Find "Plan statique 3/4" in the material, then return exactly the line containing it and all lines after it to the end, leaving out pictures.

● **EXERCISE DATA**:
=== Begin Enclosure ===

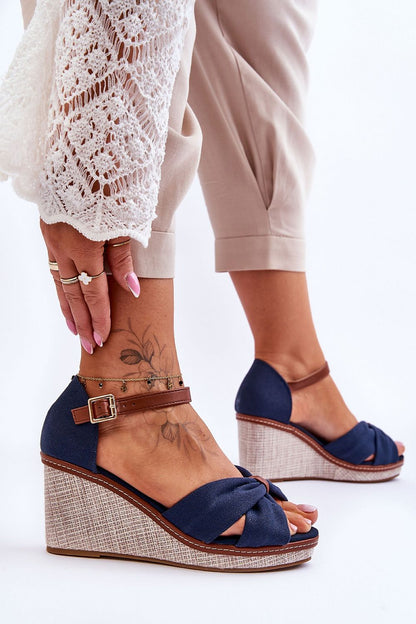 Refined women's sandals by Step in Style in navy, featuring a 8cm wedge heel and knotted detailing, showcased with intricate jewellery and airy summer attire.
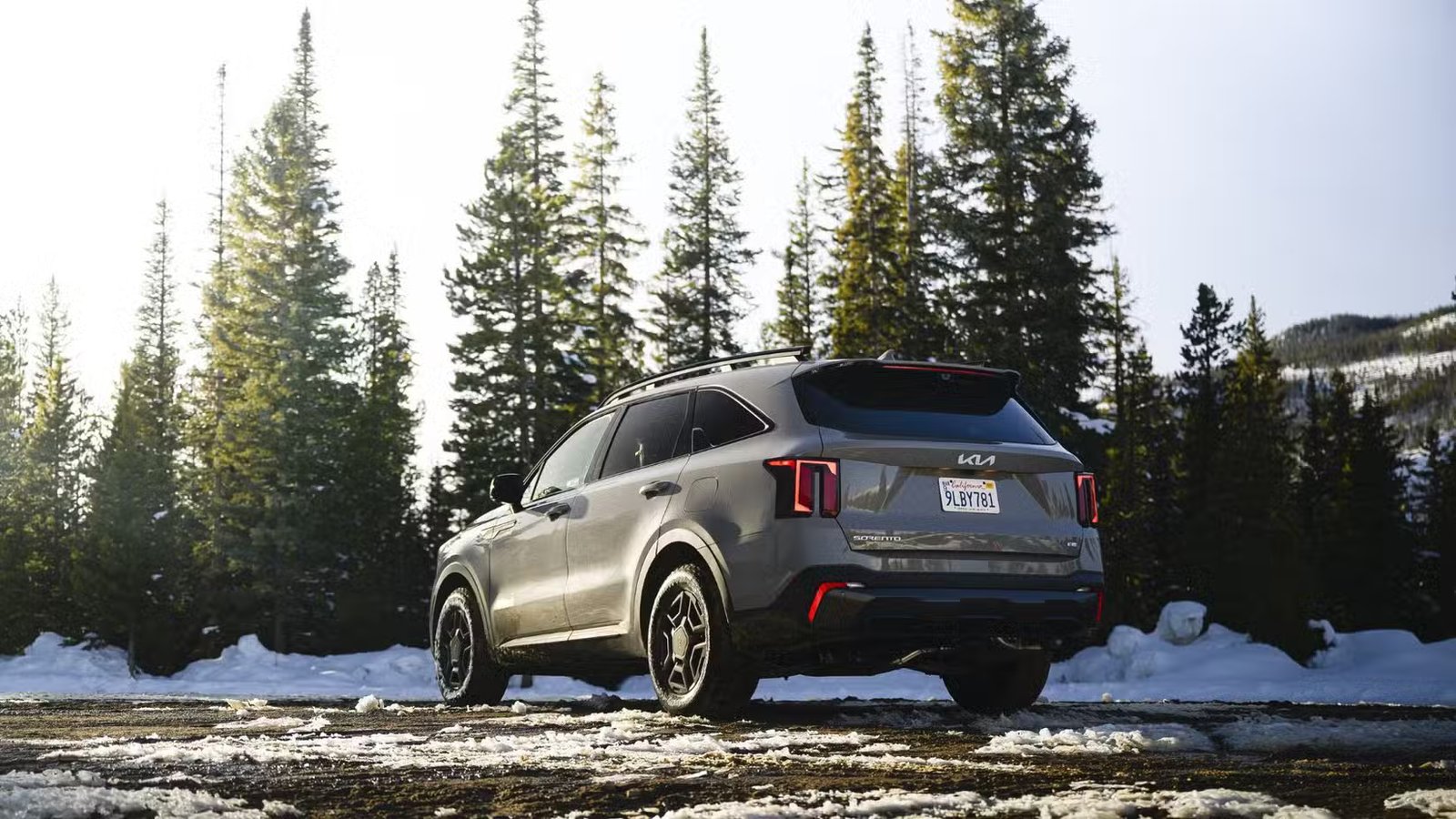 Plan statique 3/4 arrière d'un Kia Sorento 2026 garé dans la neige avec des arbres en arrière-plan.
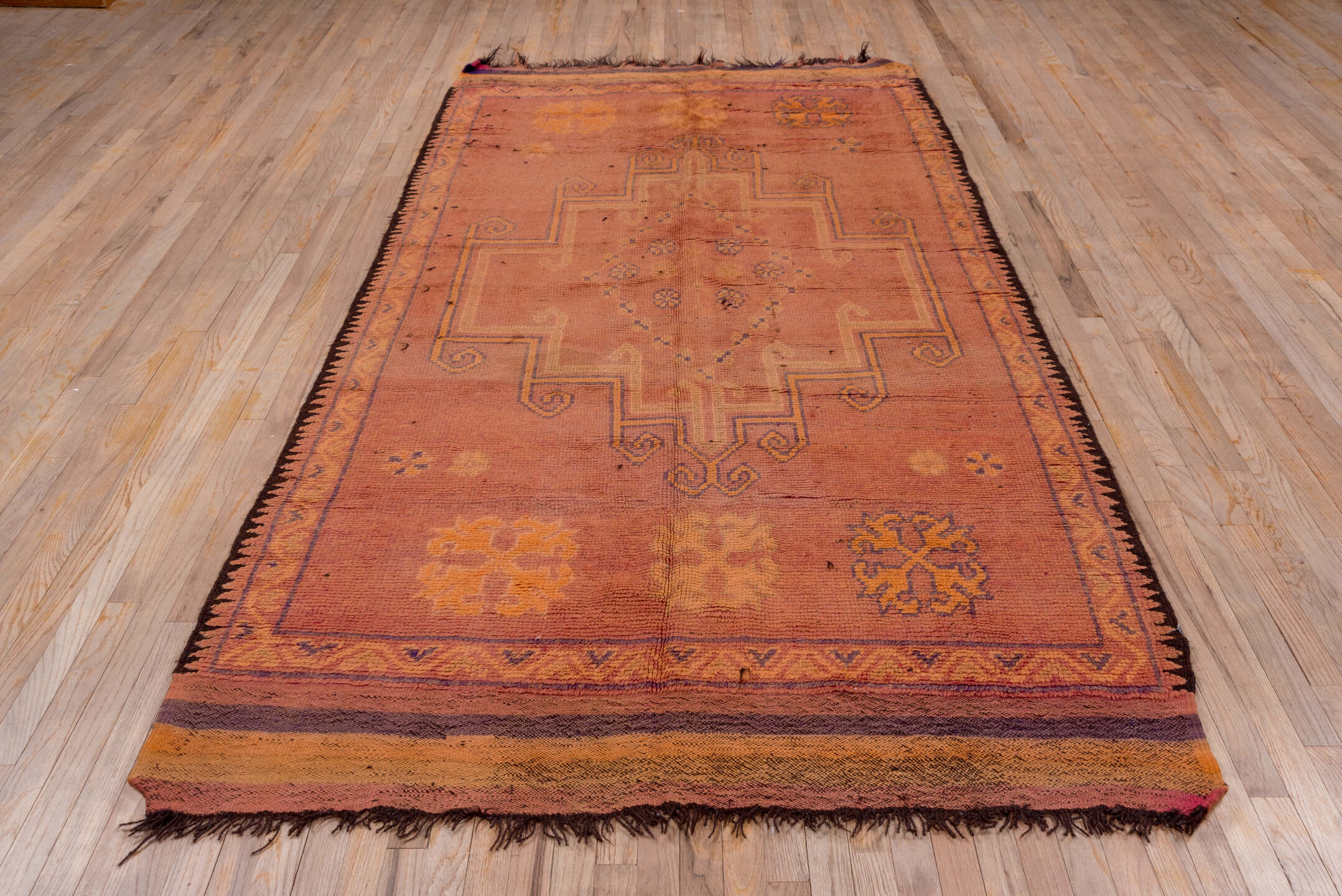 5' x 10' one-of-a-kind handmade vintage Moroccan medium size rug. Color palette: brown, gray, light gray, off-white, pink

=== End Enclosure ===

● **SOLUTION TO THE PROBLEM**:
 Plan statique 3/4 arrière d'un Kia Sorento 2026 garé dans la neige avec des arbres en arrière-plan.
 5' x 10' one-of-a-kind handmade vintage Moroccan medium size rug. Color palette: brown, gray, light gray, off-white, pink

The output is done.